Note: a drive spinning only confirms power, not SATA data link. SATA link down means the controller can’t establish the data connection.

i pulled from another machine a 2,5 inch drive and anothe 3.5 inch drive. Hooked them on the zimaboard.

now i see the 2,5 inch drive, and not the 3,5 inch drive? Power?? i bought the heavy poweradapter from the zima store just to prevent this kind of stuff..

So i fell back on the original poweradapter from Zima, not the 120W 12V/10A GaN Power Adapter for ZimaBoard & ZimaBoard 2, ZBA070.

now i see the drives and i’m going to stresstest the setup.

Damn poweradapters.. hope i get it refunded or send a new good one. Because i dont know if the adapter is powerfull enough for two 3,5 inch drives and a nvme pci drive.

Even the monitor is working again now?
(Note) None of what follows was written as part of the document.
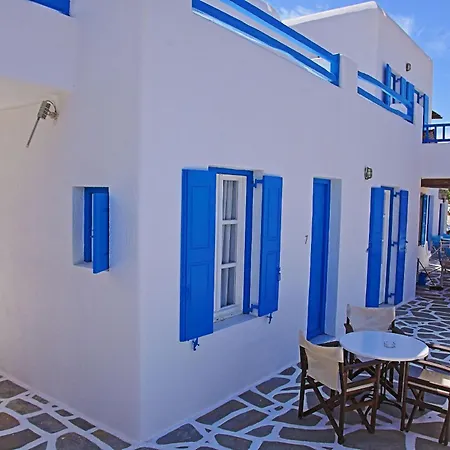 Apartmanhotel Maganos 4*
Only failed message i see flashing by is something about the nvidia daemon.

Thank you for you patience and advice!!

:grinning_face:

That result points strongly to power stability, not RAID.

It’s very common that:

  • a 2.5" drive is detected (lower spin-up demand)
  • but a 3.5" drive is not detected (high 12V spin-up/inrush current)

Even if the 3.5" drive “spins”, it can still brown-out/reset during startup, and the SATA link never fully comes up (which matches your earlier SATA link down logs).

If switching to a different adapter immediately makes the 3.5" drives appear again, that’s a strong indicator the first adapter/cable isn’t handling spin-up load reliably.

Your plan now is correct:

  • stay on the stable adapter
  • stress test with heavy read/write for a few hours
  • if stable, you’ve found the root cause.

Nice, the fact the monitor is stable again after switching adapters supports the same conclusion: the issue was power delivery stability affecting multiple components, not RAID.

The NVIDIA daemon message is usually unrelated unless you’re actively using a GPU.

If you want one final confirmation during the stress test, keep an eye out for any resets/I/O errors:

dmesg -T | egrep -i "ata|reset|crc|I/O error" | tail -50

If that stays clean under load, you’re sorted.

Looks good, one issue:

“Expecting device /dev/disk/by-label/casaos-data”,

but it has no negative effect (for now) remounting might fix it. but first i let it run.

That message is expected when ZimaOS can’t see the DATA disk.

Expecting device /dev/disk/by-label/casaos-data… simply means ZimaOS is waiting for the drive/partition labelled casaos-data (your main DATA/app storage). When the SATA disks weren’t detected, that label didn’t appear, so ZimaOS kept waiting.

So it’s another confirmation the issue at that moment was disk detection/power/SATA link, not RAID itself.